Si celui-ci avait accepté de prendre la succession de Me Lucmane Délile comme Commissaire du gouvernement, il connaissait déjà la politique pénale de ce régime. D’ailleurs, l’ex-Commissaire du gouvernement était dans les viseurs des organisations des droits humains tant il appliquait la politique du gouvernement avec zèle. Il n’avait donc aucune objection sur la politique qu’avait menée son prédécesseur à la tête du parquet de la capitale. Donc, sa démission n’a pas à être considérée comme une opposition à la politique pénale du pouvoir. Il suffit de lire sa lettre de démission pour comprendre qu’il s’agit juste d’une question d’orgueil dans une certaine mesure de caractère. Apparemment, les deux hommes ne pouvaient pas travailler ensemble comme le Premier ministre Jouthe Joseph l’aurait souhaité. Un extrait de la lettre de Me Jacques Lafontant à son ministre datant du mercredi 22 juillet 2020 en dit long sur les relations entre les hommes.

« À qui reproche-t-on la libération de plusieurs bandits impliqués dans des actes d’enlèvement, de viol et de vol de véhicules lorsqu’il était commissaire du gouvernement près le tribunal de première instance du Cap-Haïtien en 2006 ? Qui a été l’objet de reproches et épinglé successivement, suivant des rapports d’enquête, dans des actes de corruption et de libération irrégulière sous l’administration des ex-ministres Henry Marge Dorléans en 2005 et Paul Denis en 2009 ? Plus récemment, qui a été l’objet de révocation pour improductivité sous l’administration de l’ex-ministre Heidi Fortuné ? » se questionne l’ex-Commissaire du gouvernement. Jacques Lafontant a jeté l’éponge juste pour contester la façon et le ton employé par son chef hiérarchique, le ministre de la Justice et Garde des Sceaux, Rockefeller Vincent, pour le cadrer en quelque sorte sur son comportement vis-à-vis de l’ordre qu’il avait reçu du Ministère de la Justice et de la Sécurité Publique. Pour comprendre le sens de cette démission, il faudra lire les deux courriers : celui du ministre à l’attention du Commissaire du gouvernement et vice-versa. Rockefeller Vincent s’est adressé au chef du Parquet comme s’il s’agit d’un simple « subalterne » à qui il fait la leçon.

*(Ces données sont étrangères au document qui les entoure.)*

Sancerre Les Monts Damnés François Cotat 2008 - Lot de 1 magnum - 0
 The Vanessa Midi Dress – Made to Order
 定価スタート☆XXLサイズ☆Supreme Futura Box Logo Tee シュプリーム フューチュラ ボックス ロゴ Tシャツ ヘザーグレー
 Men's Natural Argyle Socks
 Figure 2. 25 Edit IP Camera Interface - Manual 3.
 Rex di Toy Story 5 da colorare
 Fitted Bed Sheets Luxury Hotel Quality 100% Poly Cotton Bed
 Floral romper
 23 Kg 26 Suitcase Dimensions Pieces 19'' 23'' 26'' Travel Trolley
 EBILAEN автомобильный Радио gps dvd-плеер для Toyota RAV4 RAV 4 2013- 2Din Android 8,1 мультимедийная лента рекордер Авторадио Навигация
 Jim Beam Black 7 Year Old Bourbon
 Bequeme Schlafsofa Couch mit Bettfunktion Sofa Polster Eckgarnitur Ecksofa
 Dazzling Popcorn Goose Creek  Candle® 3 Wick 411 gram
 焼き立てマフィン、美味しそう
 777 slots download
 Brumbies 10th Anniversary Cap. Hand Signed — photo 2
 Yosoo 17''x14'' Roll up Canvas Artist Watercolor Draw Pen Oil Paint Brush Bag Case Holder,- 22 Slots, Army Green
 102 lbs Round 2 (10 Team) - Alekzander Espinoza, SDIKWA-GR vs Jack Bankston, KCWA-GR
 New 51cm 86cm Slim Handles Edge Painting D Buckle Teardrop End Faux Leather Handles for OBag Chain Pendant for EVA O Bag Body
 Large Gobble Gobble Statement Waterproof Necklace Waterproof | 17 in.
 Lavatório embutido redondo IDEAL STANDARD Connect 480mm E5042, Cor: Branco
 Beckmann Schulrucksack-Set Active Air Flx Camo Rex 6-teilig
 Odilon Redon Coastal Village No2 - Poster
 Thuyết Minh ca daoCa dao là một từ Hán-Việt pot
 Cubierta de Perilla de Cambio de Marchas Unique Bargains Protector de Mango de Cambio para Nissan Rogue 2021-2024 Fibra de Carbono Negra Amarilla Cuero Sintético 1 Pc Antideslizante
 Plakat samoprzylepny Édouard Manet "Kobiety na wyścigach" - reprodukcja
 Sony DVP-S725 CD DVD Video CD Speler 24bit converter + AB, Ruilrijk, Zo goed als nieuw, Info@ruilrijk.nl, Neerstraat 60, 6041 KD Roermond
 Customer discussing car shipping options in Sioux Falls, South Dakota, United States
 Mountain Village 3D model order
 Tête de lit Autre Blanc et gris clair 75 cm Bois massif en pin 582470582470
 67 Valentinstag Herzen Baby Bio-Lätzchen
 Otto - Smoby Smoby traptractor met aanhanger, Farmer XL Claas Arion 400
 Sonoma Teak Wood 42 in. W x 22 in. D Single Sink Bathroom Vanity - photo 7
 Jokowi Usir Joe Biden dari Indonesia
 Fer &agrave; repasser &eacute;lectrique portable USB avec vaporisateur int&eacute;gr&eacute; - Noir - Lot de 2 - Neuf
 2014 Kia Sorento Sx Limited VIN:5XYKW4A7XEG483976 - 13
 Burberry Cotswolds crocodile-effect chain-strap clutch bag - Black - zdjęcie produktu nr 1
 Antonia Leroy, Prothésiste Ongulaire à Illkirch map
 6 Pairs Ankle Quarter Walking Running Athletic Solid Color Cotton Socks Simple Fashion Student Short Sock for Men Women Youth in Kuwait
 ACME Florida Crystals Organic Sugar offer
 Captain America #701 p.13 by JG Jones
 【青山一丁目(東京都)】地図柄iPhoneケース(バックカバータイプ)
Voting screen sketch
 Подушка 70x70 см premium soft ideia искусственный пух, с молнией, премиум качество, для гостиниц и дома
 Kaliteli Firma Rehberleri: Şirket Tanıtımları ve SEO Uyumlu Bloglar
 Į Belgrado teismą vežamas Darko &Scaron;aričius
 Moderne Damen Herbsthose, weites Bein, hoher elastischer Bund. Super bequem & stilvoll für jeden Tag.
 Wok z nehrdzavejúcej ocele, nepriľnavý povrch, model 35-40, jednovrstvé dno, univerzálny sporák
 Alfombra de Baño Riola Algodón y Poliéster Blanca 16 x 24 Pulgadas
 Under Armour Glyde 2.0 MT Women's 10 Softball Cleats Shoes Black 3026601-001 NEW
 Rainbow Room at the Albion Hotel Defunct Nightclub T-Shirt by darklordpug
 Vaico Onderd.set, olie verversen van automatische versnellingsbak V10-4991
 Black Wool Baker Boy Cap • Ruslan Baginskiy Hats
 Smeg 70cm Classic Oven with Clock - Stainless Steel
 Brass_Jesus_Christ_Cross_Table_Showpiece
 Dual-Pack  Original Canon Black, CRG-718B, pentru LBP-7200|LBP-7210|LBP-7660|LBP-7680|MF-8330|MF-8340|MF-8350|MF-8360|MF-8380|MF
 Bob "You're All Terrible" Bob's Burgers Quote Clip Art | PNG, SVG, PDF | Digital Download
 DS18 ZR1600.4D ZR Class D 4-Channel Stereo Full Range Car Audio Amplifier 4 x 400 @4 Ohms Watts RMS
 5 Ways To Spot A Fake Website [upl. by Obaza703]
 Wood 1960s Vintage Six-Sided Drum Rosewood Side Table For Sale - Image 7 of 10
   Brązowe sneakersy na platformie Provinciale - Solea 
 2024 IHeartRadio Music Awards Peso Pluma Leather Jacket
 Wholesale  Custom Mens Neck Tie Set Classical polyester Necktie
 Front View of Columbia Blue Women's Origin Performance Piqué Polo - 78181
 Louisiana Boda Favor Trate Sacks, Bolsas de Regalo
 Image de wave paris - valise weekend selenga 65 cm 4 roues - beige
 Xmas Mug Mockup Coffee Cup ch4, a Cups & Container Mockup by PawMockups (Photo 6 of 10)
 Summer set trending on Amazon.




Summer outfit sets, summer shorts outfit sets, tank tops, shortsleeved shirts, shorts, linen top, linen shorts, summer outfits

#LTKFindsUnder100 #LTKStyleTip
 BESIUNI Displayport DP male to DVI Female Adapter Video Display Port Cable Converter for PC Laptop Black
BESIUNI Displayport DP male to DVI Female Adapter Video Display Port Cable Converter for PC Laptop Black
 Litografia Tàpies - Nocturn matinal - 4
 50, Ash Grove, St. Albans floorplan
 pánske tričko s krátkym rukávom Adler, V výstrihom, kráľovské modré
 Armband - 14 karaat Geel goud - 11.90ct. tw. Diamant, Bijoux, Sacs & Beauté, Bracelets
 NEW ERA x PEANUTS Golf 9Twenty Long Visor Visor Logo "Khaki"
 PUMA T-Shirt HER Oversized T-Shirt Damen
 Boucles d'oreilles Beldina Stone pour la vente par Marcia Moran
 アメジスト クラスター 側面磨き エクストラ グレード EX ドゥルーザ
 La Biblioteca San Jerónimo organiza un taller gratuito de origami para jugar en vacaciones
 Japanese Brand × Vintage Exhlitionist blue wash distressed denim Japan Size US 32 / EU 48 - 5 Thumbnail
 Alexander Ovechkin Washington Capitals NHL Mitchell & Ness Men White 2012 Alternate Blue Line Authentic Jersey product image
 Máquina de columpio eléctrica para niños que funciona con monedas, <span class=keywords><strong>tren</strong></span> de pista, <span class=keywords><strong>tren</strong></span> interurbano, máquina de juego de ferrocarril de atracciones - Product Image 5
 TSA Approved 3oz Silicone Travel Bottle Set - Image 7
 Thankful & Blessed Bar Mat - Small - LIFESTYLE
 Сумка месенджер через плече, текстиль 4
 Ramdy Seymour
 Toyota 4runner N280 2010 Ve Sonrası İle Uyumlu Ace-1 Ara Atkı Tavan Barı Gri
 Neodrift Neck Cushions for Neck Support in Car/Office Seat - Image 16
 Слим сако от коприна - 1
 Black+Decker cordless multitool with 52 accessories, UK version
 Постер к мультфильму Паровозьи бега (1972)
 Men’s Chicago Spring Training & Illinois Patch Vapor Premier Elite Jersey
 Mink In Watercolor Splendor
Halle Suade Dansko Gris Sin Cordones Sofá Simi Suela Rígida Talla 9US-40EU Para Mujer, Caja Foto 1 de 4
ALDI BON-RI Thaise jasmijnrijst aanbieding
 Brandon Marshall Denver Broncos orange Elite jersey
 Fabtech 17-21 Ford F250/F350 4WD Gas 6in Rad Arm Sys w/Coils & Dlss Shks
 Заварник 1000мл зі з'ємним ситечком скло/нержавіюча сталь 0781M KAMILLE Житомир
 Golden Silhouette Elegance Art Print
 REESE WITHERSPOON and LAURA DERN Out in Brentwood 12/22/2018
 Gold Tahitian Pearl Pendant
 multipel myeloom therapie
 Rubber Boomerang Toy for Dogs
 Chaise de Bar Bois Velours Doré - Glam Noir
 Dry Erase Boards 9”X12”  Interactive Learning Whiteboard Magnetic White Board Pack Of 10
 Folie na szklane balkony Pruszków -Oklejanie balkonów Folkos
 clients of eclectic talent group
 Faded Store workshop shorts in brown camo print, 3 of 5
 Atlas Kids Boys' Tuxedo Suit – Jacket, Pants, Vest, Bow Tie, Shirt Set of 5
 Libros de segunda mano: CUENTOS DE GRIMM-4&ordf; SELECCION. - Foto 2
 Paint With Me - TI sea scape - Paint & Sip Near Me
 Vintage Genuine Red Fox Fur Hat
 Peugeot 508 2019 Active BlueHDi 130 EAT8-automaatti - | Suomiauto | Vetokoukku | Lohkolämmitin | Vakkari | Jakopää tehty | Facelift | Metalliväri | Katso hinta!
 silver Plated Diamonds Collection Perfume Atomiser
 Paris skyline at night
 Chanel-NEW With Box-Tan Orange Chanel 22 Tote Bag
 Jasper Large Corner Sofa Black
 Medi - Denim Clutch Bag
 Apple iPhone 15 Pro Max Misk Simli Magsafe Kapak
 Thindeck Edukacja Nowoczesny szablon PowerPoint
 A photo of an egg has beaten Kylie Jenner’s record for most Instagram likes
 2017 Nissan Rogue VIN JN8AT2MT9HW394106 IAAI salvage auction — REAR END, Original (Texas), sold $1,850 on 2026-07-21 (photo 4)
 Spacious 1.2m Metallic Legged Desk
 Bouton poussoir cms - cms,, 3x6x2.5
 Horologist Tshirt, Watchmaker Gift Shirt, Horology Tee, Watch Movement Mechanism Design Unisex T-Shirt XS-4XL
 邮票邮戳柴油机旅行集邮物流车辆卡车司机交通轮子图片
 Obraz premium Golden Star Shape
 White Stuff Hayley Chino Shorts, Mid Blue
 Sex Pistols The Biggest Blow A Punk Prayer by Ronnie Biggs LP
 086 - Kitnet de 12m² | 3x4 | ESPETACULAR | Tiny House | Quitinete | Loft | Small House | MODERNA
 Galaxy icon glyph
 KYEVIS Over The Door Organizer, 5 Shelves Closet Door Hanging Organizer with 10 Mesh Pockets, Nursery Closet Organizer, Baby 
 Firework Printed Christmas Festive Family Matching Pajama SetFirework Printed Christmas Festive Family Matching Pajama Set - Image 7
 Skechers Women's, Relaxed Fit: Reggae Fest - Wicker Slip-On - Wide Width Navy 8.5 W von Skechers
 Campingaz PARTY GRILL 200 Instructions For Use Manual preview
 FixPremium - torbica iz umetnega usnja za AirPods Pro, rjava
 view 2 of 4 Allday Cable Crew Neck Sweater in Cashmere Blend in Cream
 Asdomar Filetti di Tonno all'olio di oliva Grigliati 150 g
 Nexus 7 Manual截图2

« Je vous rappelle, Monsieur le Commissaire du gouvernement, que vous êtes un subalterne qui se doit d’exécuter tout ordre du ministère de la Justice et de la Sécurité publique dès lors qu’il n’est pas manifestement illégal. J’attends à ce qu’à l’avenir vous vous éleviez à la haute dimension qui caractérise un Commissaire de gouvernement qui doit être un digne représentant de l’Exécutif dans le Judiciaire » écrit le ministre de la Justice à l’encontre du fonctionnaire dans sa missive datée du 20 juillet 2020. Certes, en tant que son chef hiérarchique, il est dans son droit de cadrer le Commissaire quand celui-ci sort du champ de compétence qui lui est attribué selon la loi. Ou peut-être blâmé s’il y a faute dans l’exercice de ses fonctions. Mais, il y a l’art et la manière de s’adresser à un haut fonctionnaire.

Dans cette affaire, si le ministre avait employé le ton qu’il fallait, tout le monde est persuadé qu’il n’aurait pas eu de démission de la part de Me Jacques Lafontant. La Chancellerie aurait utilisé un ton plus administratif et réglementaire pour corriger le comportement ou les failles du Commissaire du gouvernement dans les dossiers qui les opposent, cela n’irait pas jusqu’à la démission. C’est une question de personnalité sans doute, puisque d’autres auraient accepté d’avaler les couleuvres sans mot dire. En tout cas, c’est tout de même une démission de plus qui, en quelque sorte, ne fait pas pour apaiser les tensions dans le camp du pouvoir ni rassurer le Président Jovenel Moïse qui voit partir un à un tous ceux qu’il espère pouvoir l’aider à sortir du gouffre dans lequel il s’enfonce jour après jour.